I started to think I must be single because I was too afraid to love well. “If I could just get closer to perfect love,” I’d think, “I’d be more attractive and more open to dating.”

Then about a year and a half ago, I ended up in a job situation that played to some of my deepest fears – failure; being judged by people around me; isolation; and many more, deep-seated terrors I can’t even begin to describe because I’d never been forced to experience them before, though they had probably always been there. I was pretty broken by the end of it all, badly shaken, and convinced that the reason I’d been so afraid throughout the situation was because despite all my efforts, I’d failed at the most important thing of all: I had failed to love.

At one point, I remember kneeling in church and just throwing up my hands. “I can’t cast this out, Lord,” I said. “Clearly, I don’t love enough.”

Then, over New Year’s, I heard a sister give a talk about the human heart and its tendency to fear. She said, “Perfect love casts out fear.”
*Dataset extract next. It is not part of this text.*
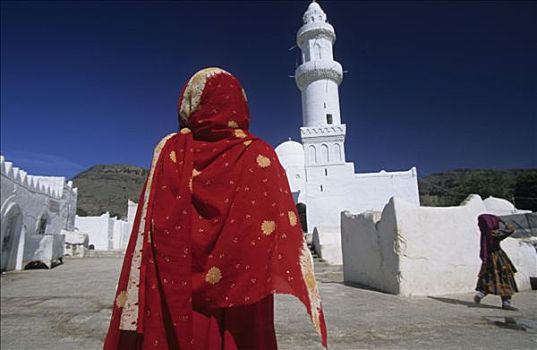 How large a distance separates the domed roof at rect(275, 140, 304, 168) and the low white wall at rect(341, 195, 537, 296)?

I sighed and crossed my arms over my chest. “Been there, tried that.”

Then she smiled and said, “We have to let God’s perfect love cast out our fear.”

Now most people are probably pretty quick. Most people probably would have understood five years ago that the “perfect love” the priest referred to must automatically mean “not mine.” But I’m a little slow on the uptake, and a decided perfectionist-who-wants-to-do-it-all-herself, so that hadn’t occurred to me. Instead, I thought my fear must be my problem to deal with as best I can, and if I can’t get rid of it, it’s clear I’m too weak.

Funny how a few little words can change everything. Left with my own little love, of course I will always be afraid. But if I can let Him love me…and love in me…then fear won’t have any space left.

Perfect love casts out fear. So let Him love you – and do not be afraid.